(Data for the task begins)

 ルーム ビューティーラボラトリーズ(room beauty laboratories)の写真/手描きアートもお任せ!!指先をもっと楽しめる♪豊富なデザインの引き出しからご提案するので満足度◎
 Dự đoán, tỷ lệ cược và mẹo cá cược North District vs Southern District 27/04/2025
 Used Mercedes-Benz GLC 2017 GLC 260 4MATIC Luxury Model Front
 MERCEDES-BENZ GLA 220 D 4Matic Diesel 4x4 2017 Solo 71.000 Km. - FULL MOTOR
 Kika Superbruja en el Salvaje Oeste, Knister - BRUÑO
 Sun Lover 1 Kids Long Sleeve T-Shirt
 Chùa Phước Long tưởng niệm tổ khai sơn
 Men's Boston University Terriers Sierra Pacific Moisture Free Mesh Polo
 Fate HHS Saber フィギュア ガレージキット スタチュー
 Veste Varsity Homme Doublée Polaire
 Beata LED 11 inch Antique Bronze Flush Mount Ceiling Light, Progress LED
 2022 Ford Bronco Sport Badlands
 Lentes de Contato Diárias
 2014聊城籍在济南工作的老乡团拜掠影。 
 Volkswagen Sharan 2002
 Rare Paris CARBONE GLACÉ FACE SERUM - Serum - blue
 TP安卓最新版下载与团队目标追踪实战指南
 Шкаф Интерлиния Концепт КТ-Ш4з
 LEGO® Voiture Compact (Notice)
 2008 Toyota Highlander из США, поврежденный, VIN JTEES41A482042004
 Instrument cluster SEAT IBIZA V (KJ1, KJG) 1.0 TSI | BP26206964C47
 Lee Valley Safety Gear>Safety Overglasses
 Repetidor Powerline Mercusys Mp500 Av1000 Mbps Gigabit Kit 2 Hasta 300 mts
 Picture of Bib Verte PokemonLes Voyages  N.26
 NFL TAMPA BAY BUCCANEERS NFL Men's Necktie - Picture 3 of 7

(Data for the task ends)

- Task instructions
Up to and including the line that holds "Beata LED 11", reproduce the records above exactly from their first line, and give nothing else.

- Result for this task
 ルーム ビューティーラボラトリーズ(room beauty laboratories)の写真/手描きアートもお任せ!!指先をもっと楽しめる♪豊富なデザインの引き出しからご提案するので満足度◎
 Dự đoán, tỷ lệ cược và mẹo cá cược North District vs Southern District 27/04/2025
 Used Mercedes-Benz GLC 2017 GLC 260 4MATIC Luxury Model Front
 MERCEDES-BENZ GLA 220 D 4Matic Diesel 4x4 2017 Solo 71.000 Km. - FULL MOTOR
 Kika Superbruja en el Salvaje Oeste, Knister - BRUÑO
 Sun Lover 1 Kids Long Sleeve T-Shirt
 Chùa Phước Long tưởng niệm tổ khai sơn
 Men's Boston University Terriers Sierra Pacific Moisture Free Mesh Polo
 Fate HHS Saber フィギュア ガレージキット スタチュー
 Veste Varsity Homme Doublée Polaire
 Beata LED 11 inch Antique Bronze Flush Mount Ceiling Light, Progress LED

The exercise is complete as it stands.